The CEO of major utility E.ON called for a new carbon tax in Germany on Tuesday, stating that a "better and fairer energy transition" was possible.
The tax would be 35 euros ($39) per metric ton of emissions that result from the use of fossil fuels for power generation, transport and heating. Authorities in Germany are currently in discussions about such a tax, according to Reuters.
In a printed statement issued at the German firm's annual shareholders meeting on Tuesday, CEO Johannes Teyssen said that the levy would generate 25 billion euros in tax revenues for the German Finance Ministry.
As a country, Germany is looking to increase its use of sources such as wind and solar whilst at the same time move away from nuclear power. In 2017, renewables made up 33.3% of gross electricity generation, with wind power, biomass and solar photovoltaics leading the way.
Teyssen explained that while electricity in Germany had become "increasingly green" the conversion of its "entire energy system" was supposed to be financed by customers through electricity prices. "As a result, clean electricity has become more and more expensive relative to dirty fossil fuels," he added. Customers with lower incomes were financing the country's energy transition, he said.
Teyssen said that the business was "obviously not interested" in burdening customers with more taxes, fees and levies. "We're proposing that in the future the annual cost of Germany's Renewable Energy Law — currently around 25 billion euros — should be financed by the federal budget with the revenues from the carbon tax," he added.
Teyssen added that Germany's electricity tax should be reduced, which he said would cut electricity prices "by almost 9 cents per kilowatt hour."
E.ON is in the middle of a major asset swap with another German utility, RWE. Under the terms of the deal, which was announced in March 2018, RWE will transfer its stake in green energy business Innogy to E.ON. In turn, RWE will take on the renewables businesses of both E.ON and Innogy, as well as other assets.

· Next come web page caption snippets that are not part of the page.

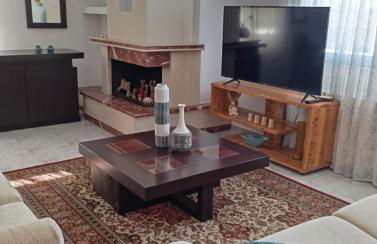 DOM RASPALOZEN NI DALEKO OT MORE I PRIRODi - Foto 5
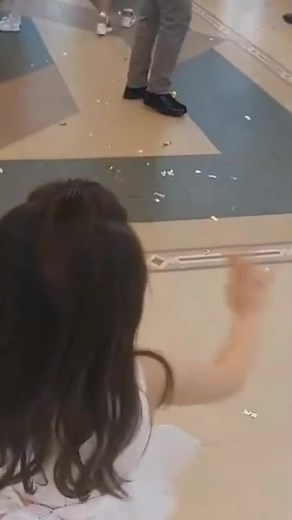 so cute baby girl dance#fyp #crew07 #foryoupage #WheneverWherever #crew07 #foryoupage @Tik Tok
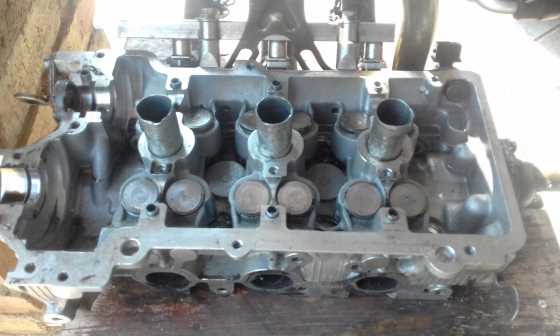 cylinder head,water pump oil pump inkjectors for chery qq 08 2010 model all in very good condition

At the beginning of March, the European Commission opened an in-depth investigation into E.ON's plans to acquire Innogy.
In an interview Tuesday, Teyssen told CNBC's Annette Weisbach about the deal's progress. "We already have some approvals in hand for… RWE acquiring (the) renewables business and the participation in us, the more complex part is just in the thorough investigation, but we see it … making progress, so no specific worries," he said.